DATA SECTION:
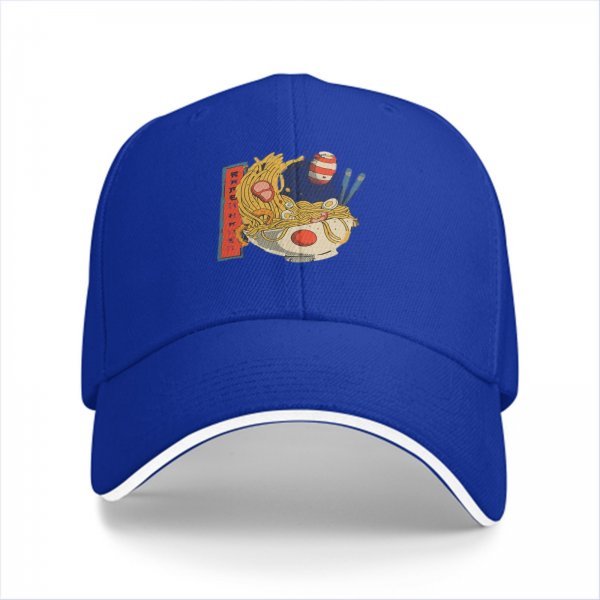 Black Baseball Cap With Playful Ramen Bowl Graphic Design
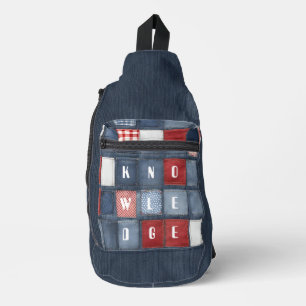 Bandolera Conocimiento de parchwork de Denim Azul
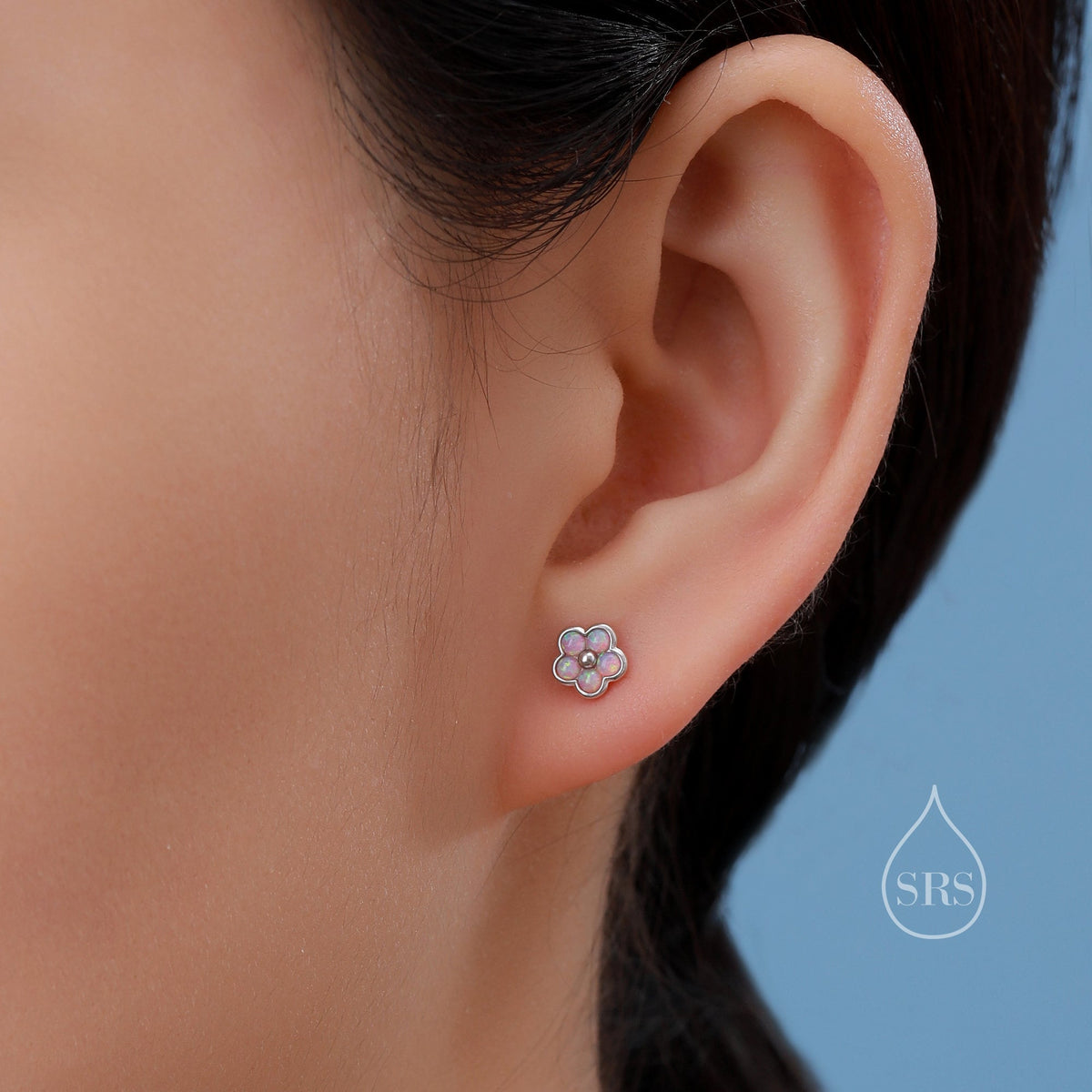 Blue Opal Flower Stud Earrings in Sterling Silver - Gold or Silver - Opal Forget-me-not - Opal Cluster - Petite Stud Earrings, Fire Opal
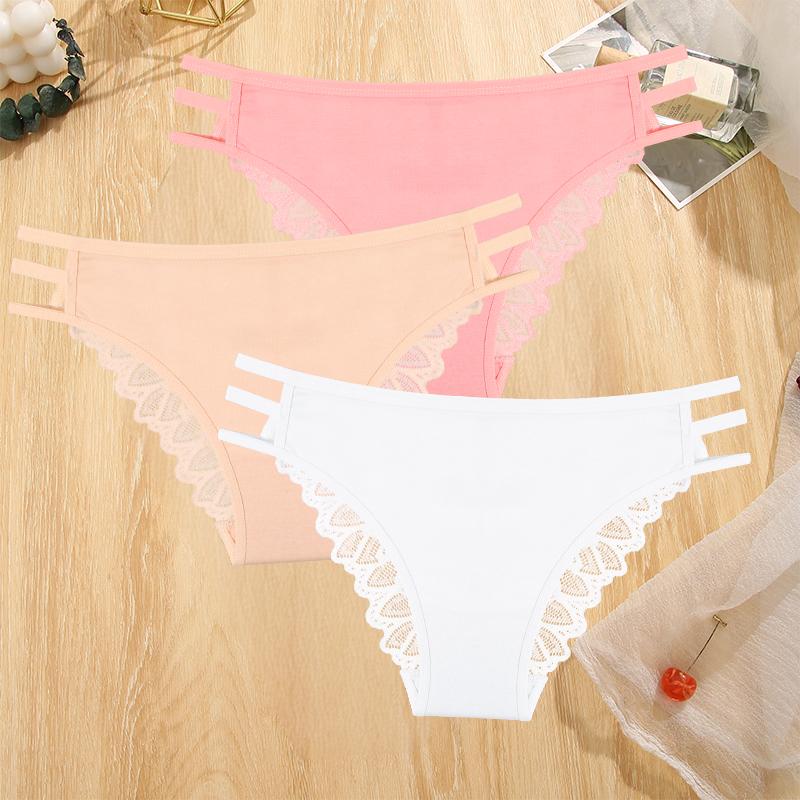 3Pcs Sexy Lady Style Transparent Lace Underwear Women's Straps Panties Seamless Perspective Briefs Low Waisted Triangle Pants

TASK INSTRUCTIONS: Exclude every picture and restate the listing word for word.

OUTPUT FOR THIS EXERCISE:
 Black Baseball Cap With Playful Ramen Bowl Graphic Design
 Bandolera Conocimiento de parchwork de Denim Azul
 Blue Opal Flower Stud Earrings in Sterling Silver - Gold or Silver - Opal Forget-me-not - Opal Cluster - Petite Stud Earrings, Fire Opal
 3Pcs Sexy Lady Style Transparent Lace Underwear Women's Straps Panties Seamless Perspective Briefs Low Waisted Triangle Pants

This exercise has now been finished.